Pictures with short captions
━━━━
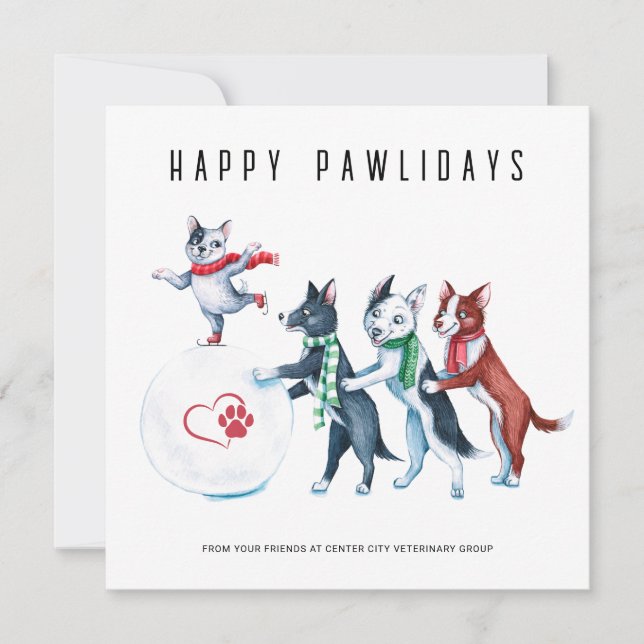 Glad Pawlidays Veterinär Semester Julkort (Framsida)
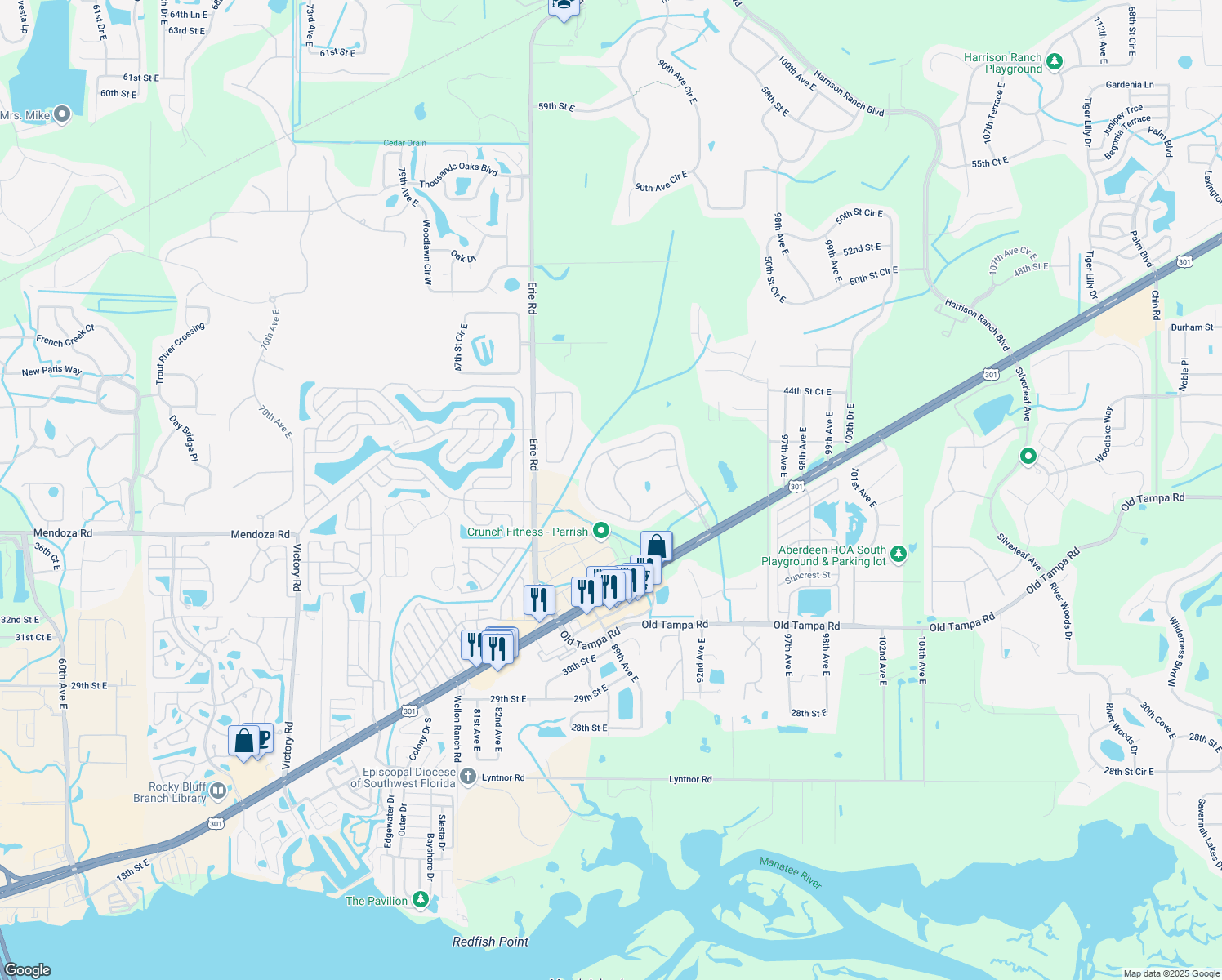 map of restaurants, bars, coffee shops, grocery stores, and more near 4003 90th Avenue East in Parrish
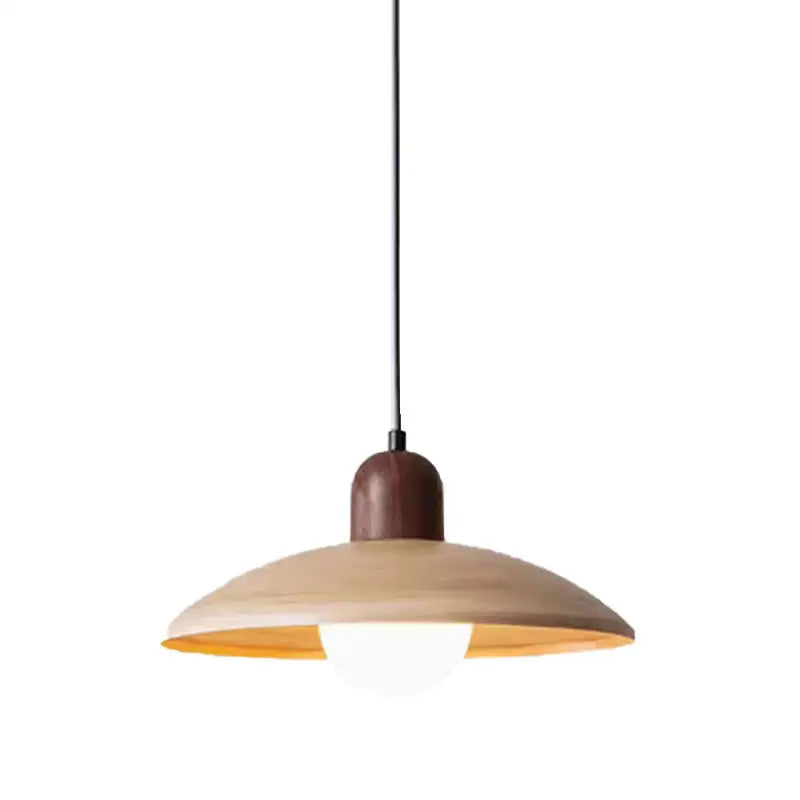 Afralia™ Japanese Wooden Stone Chandelier Pendant Light, Wabi-Sabi Style Yellow Cavity-Stone Lamp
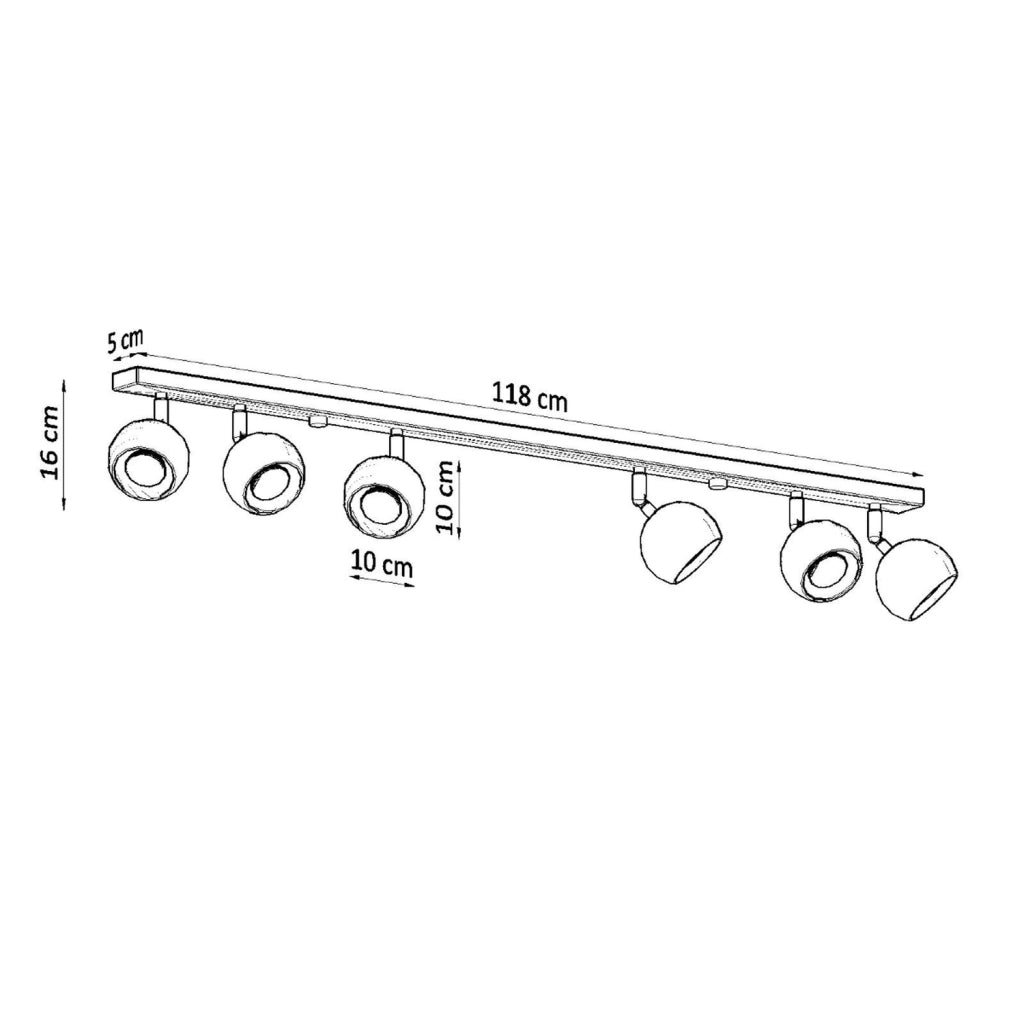 Plafoniera FOKUMO 6 faretti bianca Pure Lume GU10 120cm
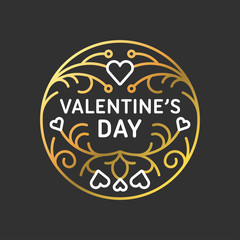 Golden Decorative Floral Frame on Black Background. Happy Valentines Day Celebration. Vector Design Element for Greeting Card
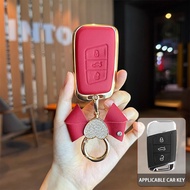 Cover Kunci VW Tiguan MK2 Magotan Passat B8 CC Golf GTI MK8 ID.4 2020-2021 Car Leather Remote Key Ca
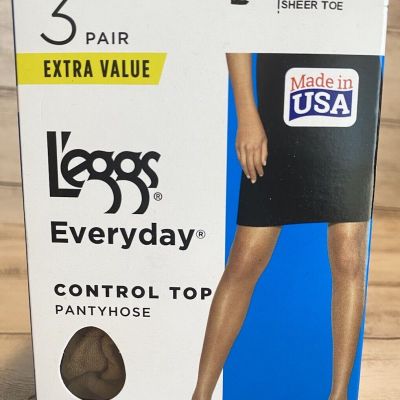 L'eggs  Everyday Control Top Pantyhose B Nude Sheer Toe 3 Pairs #43750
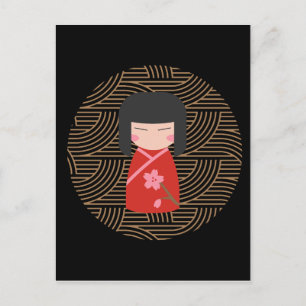 ガール日本のデザイン装飾用クッション ポストカード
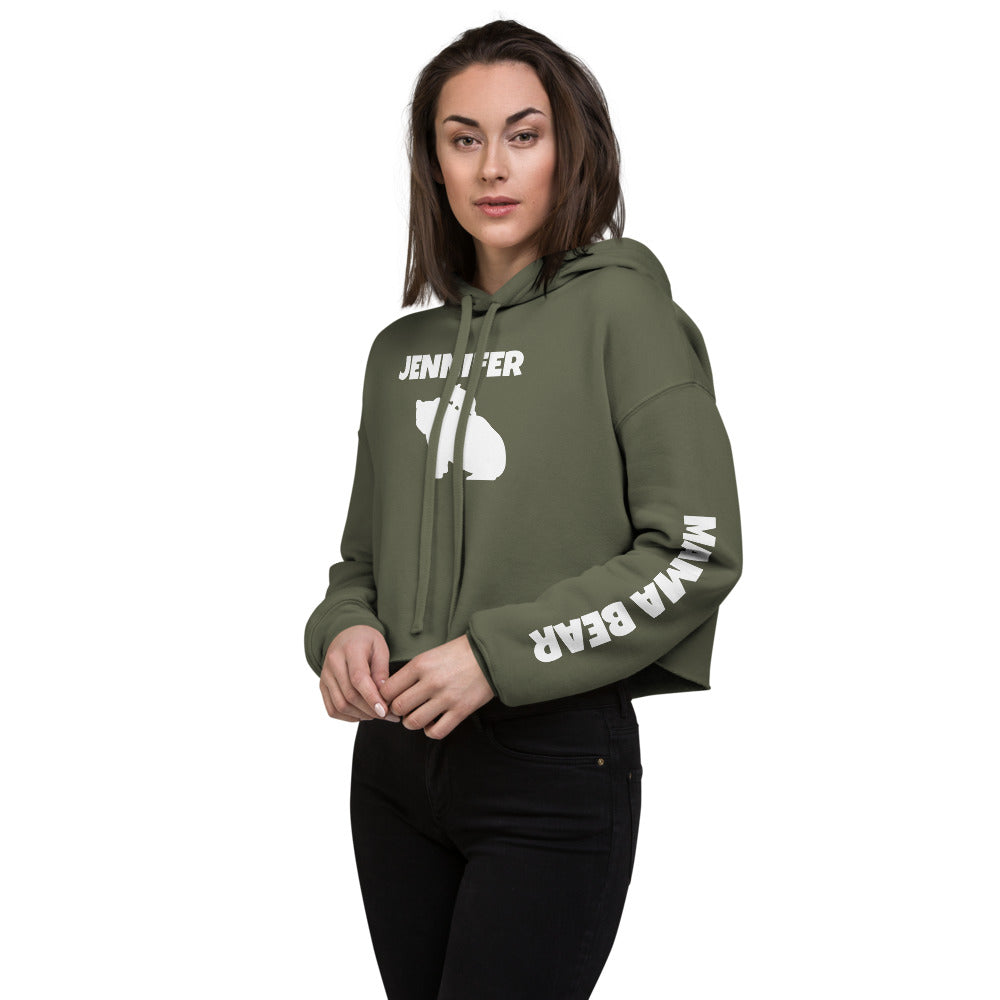 Custom Name Bold Mama Bear Personalized Women's Cropped Hoodie | Bella + Canvas 7502 TeeSpect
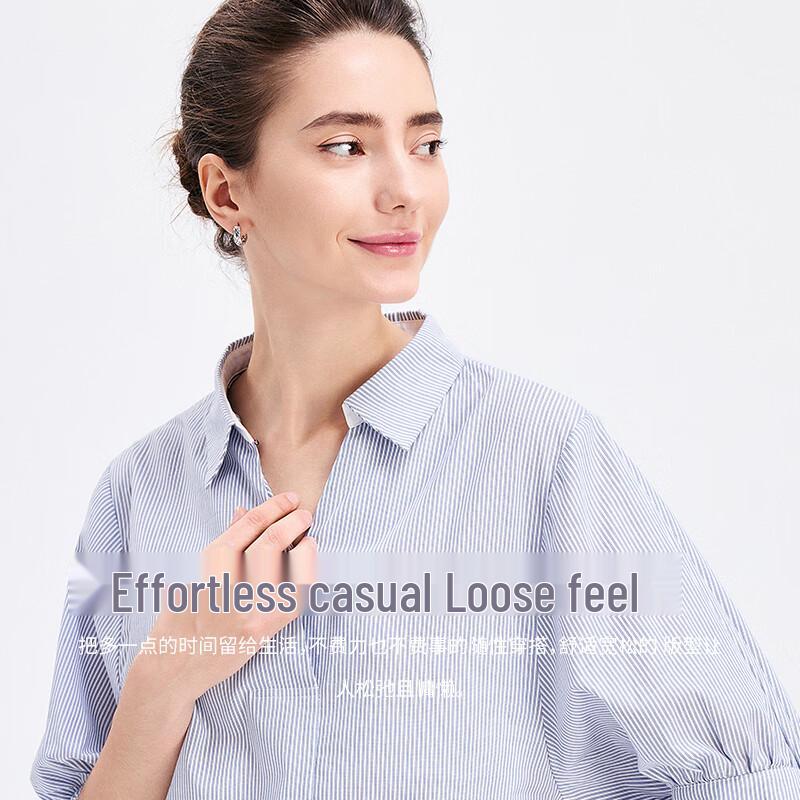 Navigare Women's Striped Cotton Half-Sleeve Shirt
━━━━
What you have to do
Word for word, restate the lines above from the one with "Cover Kunci VW" through the one with "Custom Name Bold", keeping both ends and dropping the pictures.

Output for this task
 Cover Kunci VW Tiguan MK2 Magotan Passat B8 CC Golf GTI MK8 ID.4 2020-2021 Car Leather Remote Key Ca
 L'eggs  Everyday Control Top Pantyhose B Nude Sheer Toe 3 Pairs #43750
 ガール日本のデザイン装飾用クッション ポストカード
 Custom Name Bold Mama Bear Personalized Women's Cropped Hoodie | Bella + Canvas 7502 TeeSpect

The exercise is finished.